Please restate word for word the lines of the entries below from the one with "Pendientes de Plata" to the one with "LLMtn 1200 Stück", inclusive, and leave out every picture.
----- Dataset records
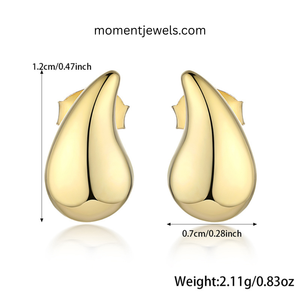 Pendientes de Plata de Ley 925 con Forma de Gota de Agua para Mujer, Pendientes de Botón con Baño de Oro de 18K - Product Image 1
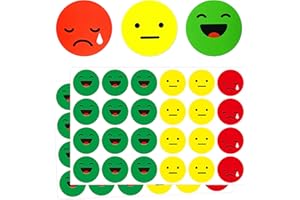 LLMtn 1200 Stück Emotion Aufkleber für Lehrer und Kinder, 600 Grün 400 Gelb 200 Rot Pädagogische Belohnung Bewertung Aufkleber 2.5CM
----------
----- Dataset records
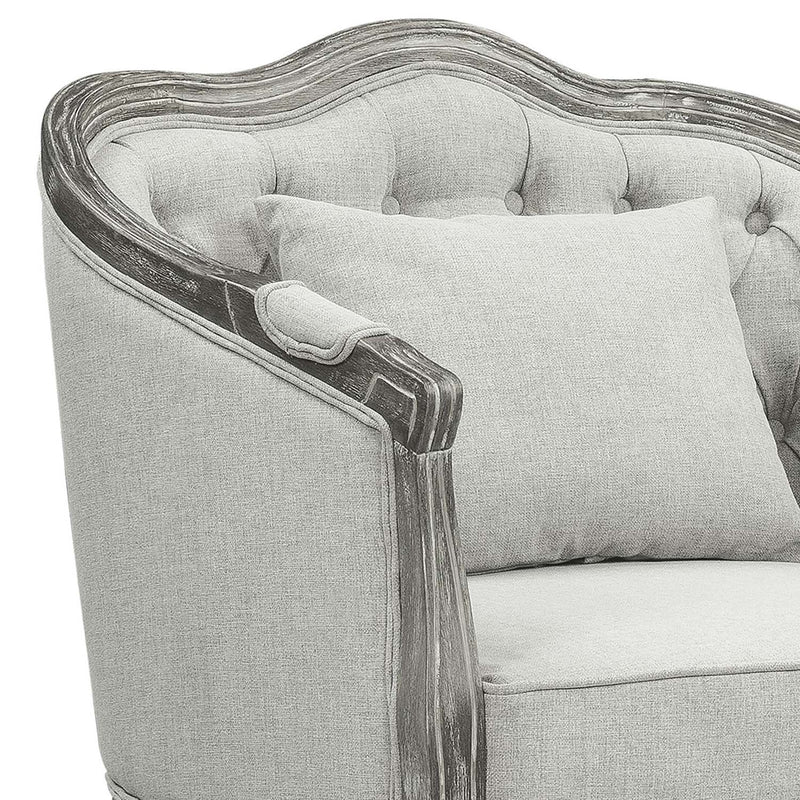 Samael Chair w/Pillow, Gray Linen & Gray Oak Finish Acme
----------
◆ Your solution
 Pendientes de Plata de Ley 925 con Forma de Gota de Agua para Mujer, Pendientes de Botón con Baño de Oro de 18K - Product Image 1
 LLMtn 1200 Stück Emotion Aufkleber für Lehrer und Kinder, 600 Grün 400 Gelb 200 Rot Pädagogische Belohnung Bewertung Aufkleber 2.5CM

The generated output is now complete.